O alerta do IPEA sobre a violência no Ceará

Por Wanfil em Segurança

05 de agosto de 2019

O IPEA divulgou nesta segunda-feira a nova edição do Atlas da Violência, com números relativos ao ano de 2017. Fortaleza surge como a capital com maior taxa de homicídios do país: 87,9 mortes para cada 100 mil habitantes. Comparando com capitais nordestinas de tamanho parecido, Salvador tem 63,5 e Recife 58,4.  Maracanaú figura como a cidade (com população acima de 100 mil habitantes) mais violenta do Brasil: taxa de 145,7. Um registro: a menor taxa entre capitais foi em São Paulo: 13,2. E no Rio de Janeiro foi de 35,6.

Vale lembrar mais uma vez que esses dados são referentes a 2017. Muita coisa mudou desde então. O próprio IPEA cita a criação da Secretaria de Administração Penitenciária no Ceará, que endureceu as regras nos presídios, levando a um “inesperado armistício entre os grupos criminosos, que pode ocasionar uma forte redução dos homicídios no estado, pelo menos enquanto durar a trégua, que é sempre instável“.

É bem provável que na edição do Atlas no ano que vem o Estado recue alguns pontos – como já indicam os índices divulgados pela Secretaria de Segurança – para uma situação mais parecida com outros estados do próprio Nordeste, que ainda é muito grave.

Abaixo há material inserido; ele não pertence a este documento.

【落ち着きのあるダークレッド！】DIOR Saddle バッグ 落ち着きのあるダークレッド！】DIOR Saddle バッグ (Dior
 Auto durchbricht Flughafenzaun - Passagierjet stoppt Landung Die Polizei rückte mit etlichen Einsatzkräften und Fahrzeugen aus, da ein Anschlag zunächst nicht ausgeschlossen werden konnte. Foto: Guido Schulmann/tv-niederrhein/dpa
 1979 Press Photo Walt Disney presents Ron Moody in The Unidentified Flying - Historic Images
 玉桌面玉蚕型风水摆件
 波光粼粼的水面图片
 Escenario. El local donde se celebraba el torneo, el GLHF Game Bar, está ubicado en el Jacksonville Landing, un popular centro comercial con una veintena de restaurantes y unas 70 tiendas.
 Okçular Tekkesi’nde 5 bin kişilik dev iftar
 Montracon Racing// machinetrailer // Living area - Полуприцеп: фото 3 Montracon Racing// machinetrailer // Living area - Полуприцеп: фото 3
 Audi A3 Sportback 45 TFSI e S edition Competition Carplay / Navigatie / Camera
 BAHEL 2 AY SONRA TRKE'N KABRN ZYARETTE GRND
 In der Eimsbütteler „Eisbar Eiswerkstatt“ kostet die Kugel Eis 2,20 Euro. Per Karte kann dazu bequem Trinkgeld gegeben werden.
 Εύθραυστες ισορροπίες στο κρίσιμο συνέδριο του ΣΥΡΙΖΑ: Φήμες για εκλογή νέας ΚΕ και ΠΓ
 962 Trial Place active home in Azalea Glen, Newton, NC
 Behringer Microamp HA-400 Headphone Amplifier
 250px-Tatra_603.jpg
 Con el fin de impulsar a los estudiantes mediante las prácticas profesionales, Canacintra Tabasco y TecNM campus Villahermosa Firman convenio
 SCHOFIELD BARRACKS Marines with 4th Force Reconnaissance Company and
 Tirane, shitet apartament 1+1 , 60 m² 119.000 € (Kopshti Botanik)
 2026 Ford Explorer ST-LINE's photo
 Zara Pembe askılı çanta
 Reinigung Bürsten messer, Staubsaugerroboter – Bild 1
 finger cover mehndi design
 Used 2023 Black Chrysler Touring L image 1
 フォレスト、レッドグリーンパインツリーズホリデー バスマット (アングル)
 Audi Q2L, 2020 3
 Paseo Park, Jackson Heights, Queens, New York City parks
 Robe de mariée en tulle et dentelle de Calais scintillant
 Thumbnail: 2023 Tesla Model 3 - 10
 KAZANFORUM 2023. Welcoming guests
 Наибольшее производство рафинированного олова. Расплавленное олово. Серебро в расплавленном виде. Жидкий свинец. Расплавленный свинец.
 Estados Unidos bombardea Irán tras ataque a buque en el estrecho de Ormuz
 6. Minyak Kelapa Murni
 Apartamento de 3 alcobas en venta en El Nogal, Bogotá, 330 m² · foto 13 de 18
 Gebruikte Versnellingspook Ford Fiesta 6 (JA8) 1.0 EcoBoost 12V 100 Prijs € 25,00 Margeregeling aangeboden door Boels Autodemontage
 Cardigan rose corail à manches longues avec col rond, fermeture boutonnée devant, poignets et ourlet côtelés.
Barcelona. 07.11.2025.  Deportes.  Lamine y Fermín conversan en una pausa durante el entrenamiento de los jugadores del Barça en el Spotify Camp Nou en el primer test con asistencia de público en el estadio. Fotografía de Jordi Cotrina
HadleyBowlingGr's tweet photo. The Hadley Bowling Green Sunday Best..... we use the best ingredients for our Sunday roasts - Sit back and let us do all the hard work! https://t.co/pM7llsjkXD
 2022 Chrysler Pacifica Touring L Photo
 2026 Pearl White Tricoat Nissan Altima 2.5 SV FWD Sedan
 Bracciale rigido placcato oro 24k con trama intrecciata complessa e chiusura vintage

Trata-se, claro, de algo positivo, mas um exame no histórico do Atlas da Violência ao longo dos anos mostra que oscilações já foram registradas anteriormente, cada uma com circunstâncias específicas.

Não é o caso de ser pessimista, mas de ficar atento para evitar precipitações. Toda atenção é pouca para não repetir erros de 2016, quando o acordo entre esses grupos “maquiou” números que depois estouraram na guerra de 2017 (ano do recorde de homicídios no Ceará). Reconhecer agora que o pior já passou, ou que pelo menos arrefeceu, não significa ignorar que as coisas, nesse campo, ainda estão muito distantes do mínimo aceitável.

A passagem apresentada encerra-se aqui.